The deadline to file your return and pay any tax owed for the 2008/09 financial year is 31 January. If you're late, you could be fined £100.

But it takes up to seven working days after registration to receive the activation code to be able to file online (see the 2008/09 Tax Reminder).

As 31 January falls on a Sunday, you'll need to register by this Thursday to stay within the seven working day guideline.

Don't delay

Even so, the earlier you register the better, in case of hold-ups. If you've previously filed an online return you do not need to register.

The deadline for sending in paper returns passed on 31 October.

HM Revenue and Customs (HMRC) lists some excuses you can give to avoid a fine, such as the death of a partner shortly before filing, problems with the online system or lengthy Royal Mail industrial action.

However, it's unlikely you'll escape a fine if you were late registering for the online system, even if you are ready to file your return in time.

How to register

You can register via the HMRC website.

You'll need either your postcode or National Insurance number, plus your Unique Taxpayer Reference (UTR) number (which can be found on HMRC correspondence or by contacting your local tax office).

Spam email warning

Meanwhile, spam emails from fraudsters purporting to be from HMRC offering a tax rebate are currently doing the rounds, as happened before last July's self assessment deadline (see the Tax email warning MSE News story).

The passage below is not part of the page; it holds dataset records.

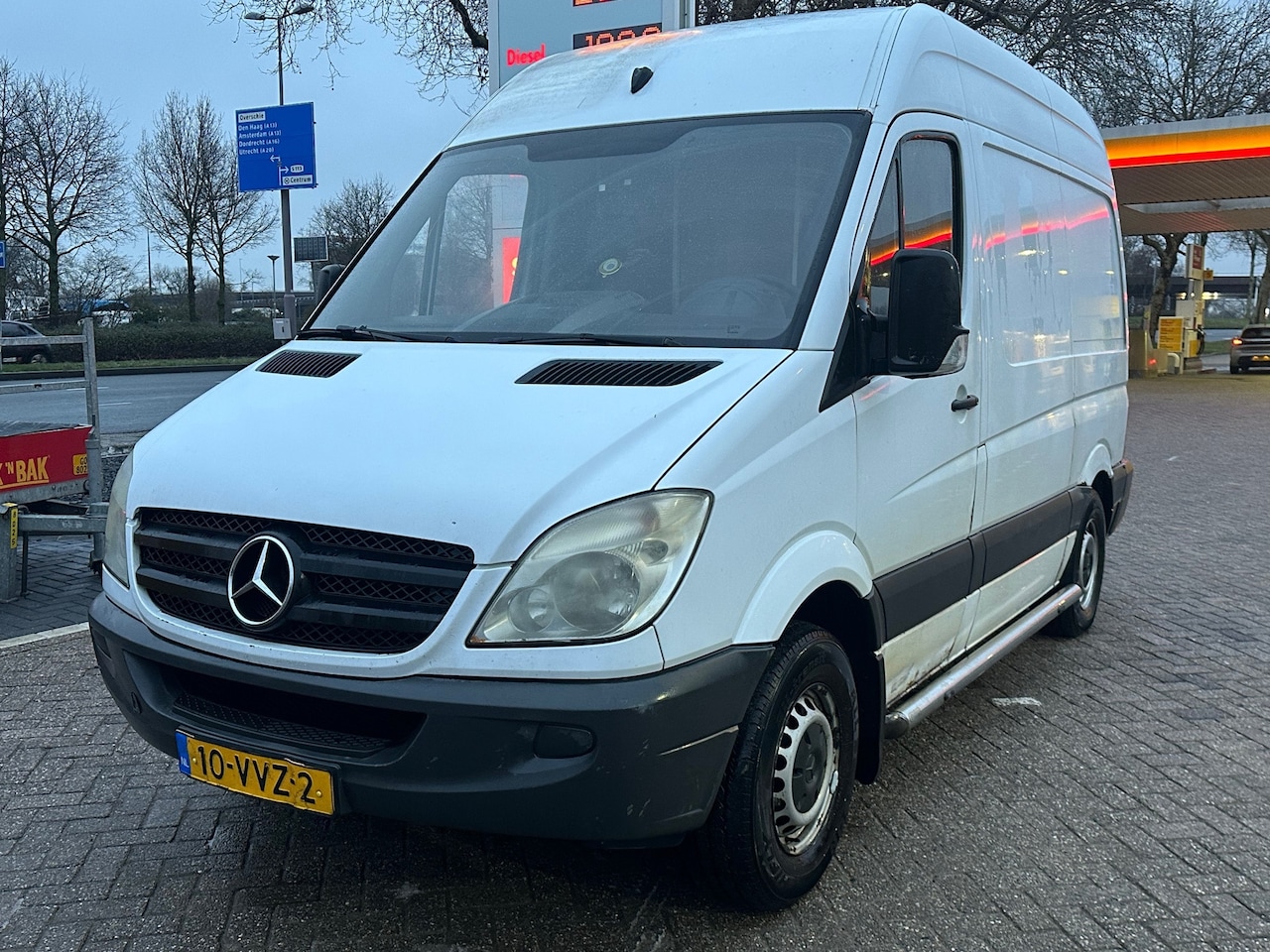 Mercedes-Benz Sprinter - 309 2.2 CDI 325 HD Laadklep 2008 - AutoWereld.nl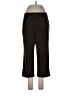 Larry Levine Solid Black Casual Pants Size 10 - photo 1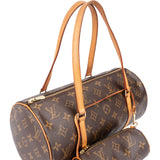 Louis Vuitton Canvas Monogram Papillon Set Handbag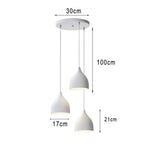 Suspension Led Minimaliste Willo Métal R Luminaire Chambre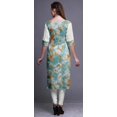 thumbnail image 4 of Bimba Robes Tuniques Droites en Coton pour Femmes Kurti Imprimé Tenue d'Été Kurta-Medium, 4 of 6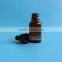 15ml amber glass essential oil bottle in stock, 0.5 oz glass essential oil bottle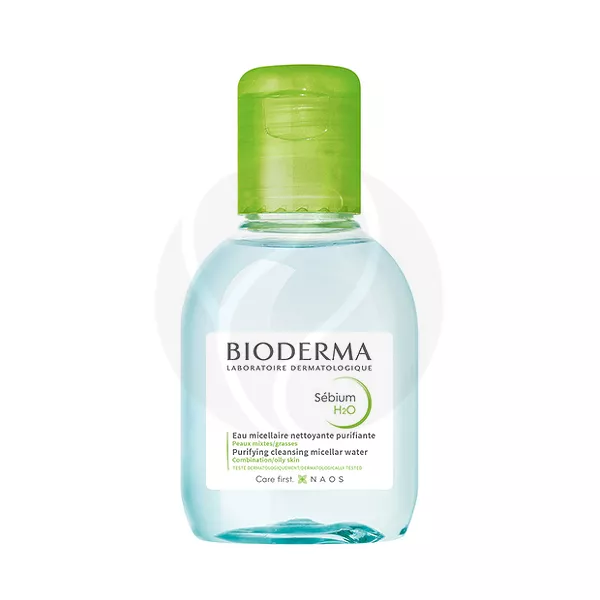 Изображение товара Мицеллярная вода Bioderma Sebium H2O 100 мл для проблемной кожи Изображение товара Мицеллярная вода Bioderma Sebium H2O 100 мл для проблемной кожи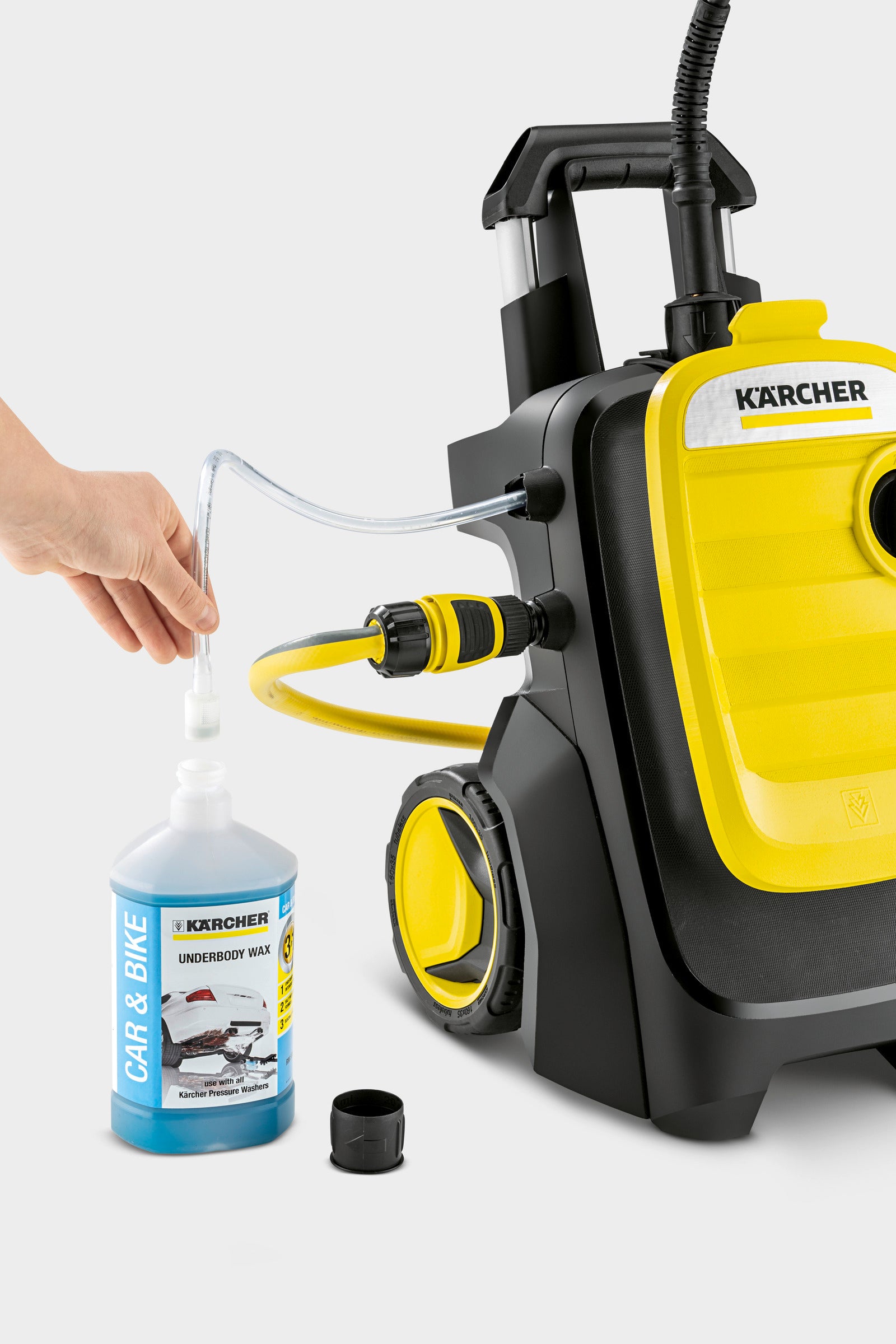 Idropulitrice Karcher K 5 Compact HOME 1.630-753.0 + schiumogeno OMAGGIO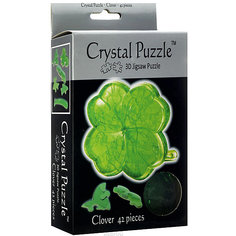 3D головоломка Crystal Puzzle Клевер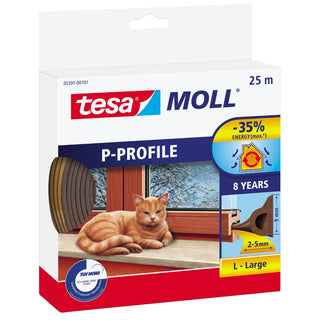 TÄTLIST P-LIST BRUN 25M TESA - TESA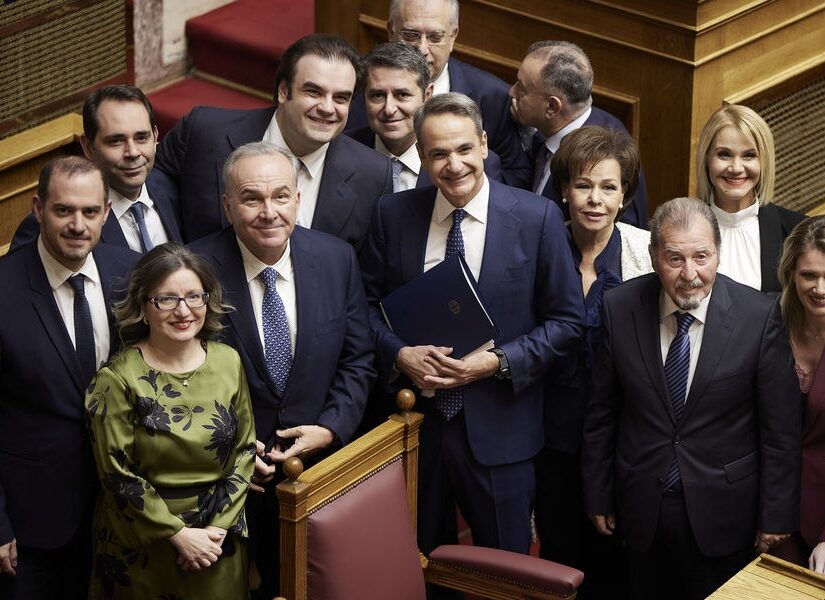 Απομονωμένος και δίχως επαφή με την πραγματικότητα ο Κυριάκος Σπύρος Γκουτζάνη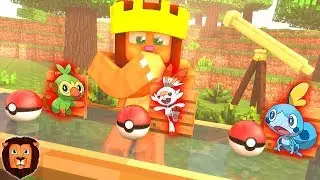 THE NEXT GENERATION OF POKEMON IN MINECRAFT | POKEMON IN MINECRAFT #1 LEON PICARON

If you get such a message, do not open it. If you open one by mistake, do not click on the link, open any attachments or disclose any personal details as you risk having your identity stolen.

Many taxpayers may currently be receptive to tax-related emails because of the upcoming deadline.

HMRC says it never notifies taxpayers of a rebate via email, nor does it ask them to complete an online form to request money back.